Clearing these bits in CPUID has no effect on the operation of the guest;
if these bits are set on hardware, the features will not be present on
any virtual machine that runs on that hardware.
**Workaround:** It is recommended to always set these bits in guest CPUID.
Note however that any software (e.g ``WIN87EM.DLL``) expecting these features
to be present likely predates these CPUID feature bits, and therefore
doesn't know to check for them anyway.
``KVM_SET_VCPU_EVENTS`` issue
-----------------------------
Invalid KVM_SET_VCPU_EVENTS input with respect to error codes *may* result in
failed VM-Entry on Intel CPUs. Pre-CET Intel CPUs require that exception
injection through the VMCS correctly set the "error code valid" flag, e.g.
require the flag be set when injecting a #GP, clear when injecting a #UD,
clear when injecting a soft exception, etc. Intel CPUs that enumerate
IA32_VMX_BASIC[56] as '1' relax VMX's consistency checks, and AMD CPUs have no
restrictions whatsoever. KVM_SET_VCPU_EVENTS doesn't sanity check the vector
versus "has_error_code", i.e. KVM's ABI follows AMD behavior.
Nested virtualization features
------------------------------
TBD
x2APIC
------
When KVM_X2APIC_API_USE_32BIT_IDS is enabled, KVM activates a hack/quirk that
allows sending events to a single vCPU using its x2APIC ID even if the target
vCPU has legacy xAPIC enabled, e.g. to bring up hotplugged vCPUs via INIT-SIPI
on VMs with > 255 vCPUs.
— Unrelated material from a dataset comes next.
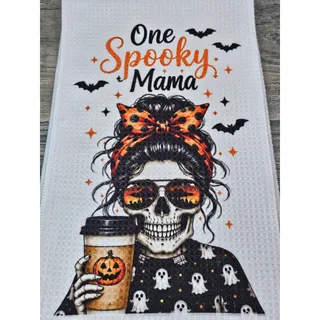 Photo of One Spooky Mama Halloween Kitchen Towel Skeleton Coffee Ghost Decor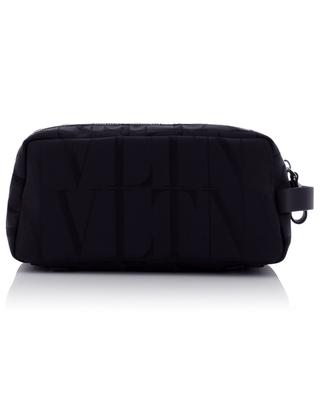 VLTN Times nylon jacquard and leather toiletry bag VALENTINO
A side effect of the quirk is that, if multiple vCPUs
have the same physical APIC ID, KVM will deliver events targeting that APIC ID
only to the vCPU with the lowest vCPU ID. If KVM_X2APIC_API_USE_32BIT_IDS is
not enabled, KVM follows x86 architecture when processing interrupts (all vCPUs
matching the target APIC ID receive the interrupt).
MTRRs
-----
KVM does not virtualize guest MTRR memory types. KVM emulates accesses to MTRR
MSRs, i.e. {RD,WR}MSR in the guest will behave as expected, but KVM does not
honor guest MTRRs when determining the effective memory type, and instead
treats all of guest memory as having Writeback (WB) MTRRs.
CR0.CD
------
KVM does not virtualize CR0.CD on Intel CPUs. Similar to MTRR MSRs, KVM
emulates CR0.CD accesses so that loads and stores from/to CR0 behave as
expected, but setting CR0.CD=1 has no impact on the cachaeability of guest
memory.
Note, this erratum does not affect AMD CPUs, which fully virtualize CR0.CD in
hardware, i.e. put the CPU caches into "no fill" mode when CR0.CD=1, even when
running in the guest.